> **Supplied material**:
"""

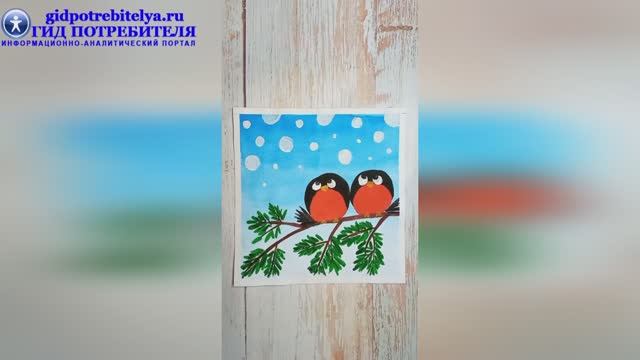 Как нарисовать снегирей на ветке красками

"""
"""

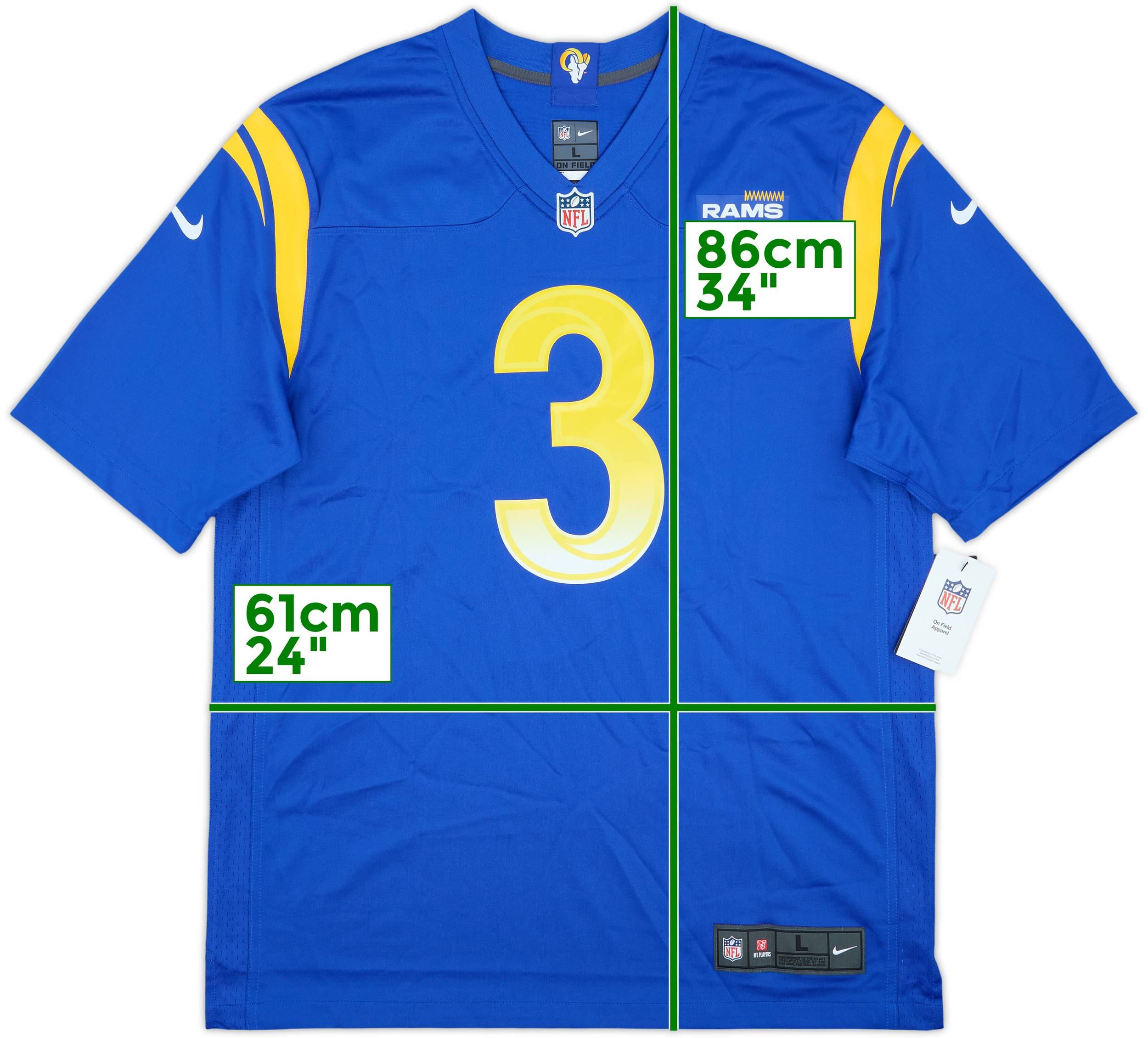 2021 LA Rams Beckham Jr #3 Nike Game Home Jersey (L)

"""
"""

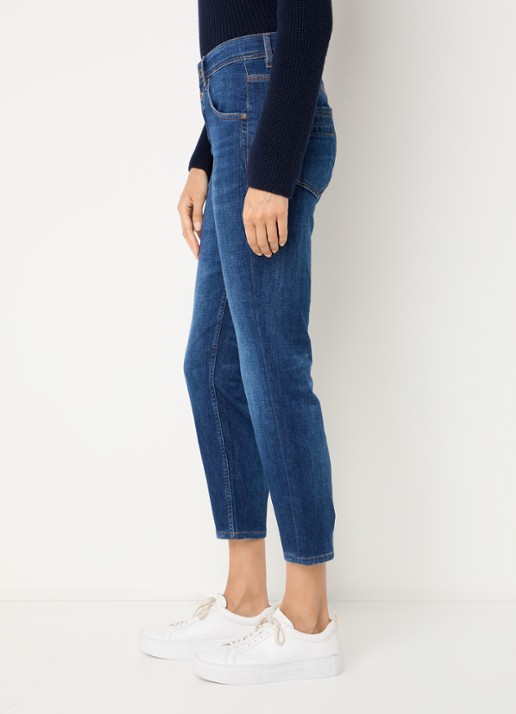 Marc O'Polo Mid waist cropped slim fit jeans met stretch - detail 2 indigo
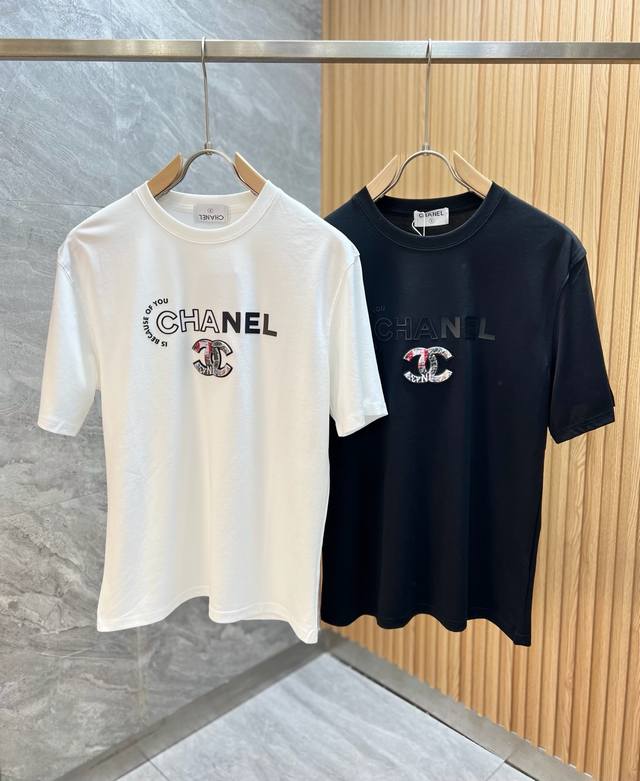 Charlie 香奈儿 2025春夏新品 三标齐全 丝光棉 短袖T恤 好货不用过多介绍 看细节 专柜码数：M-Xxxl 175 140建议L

"""

> **Task to complete**:
Pictures in the material above should be skipped; print exactly the lines from the one with "Marc O'Polo Mid" through the one with "Charlie 香奈儿 2025春夏新品".

> **Finished task**:
 Marc O'Polo Mid waist cropped slim fit jeans met stretch - detail 2 indigo
 Charlie 香奈儿 2025春夏新品 三标齐全 丝光棉 短袖T恤 好货不用过多介绍 看细节 专柜码数：M-Xxxl 175 140建议L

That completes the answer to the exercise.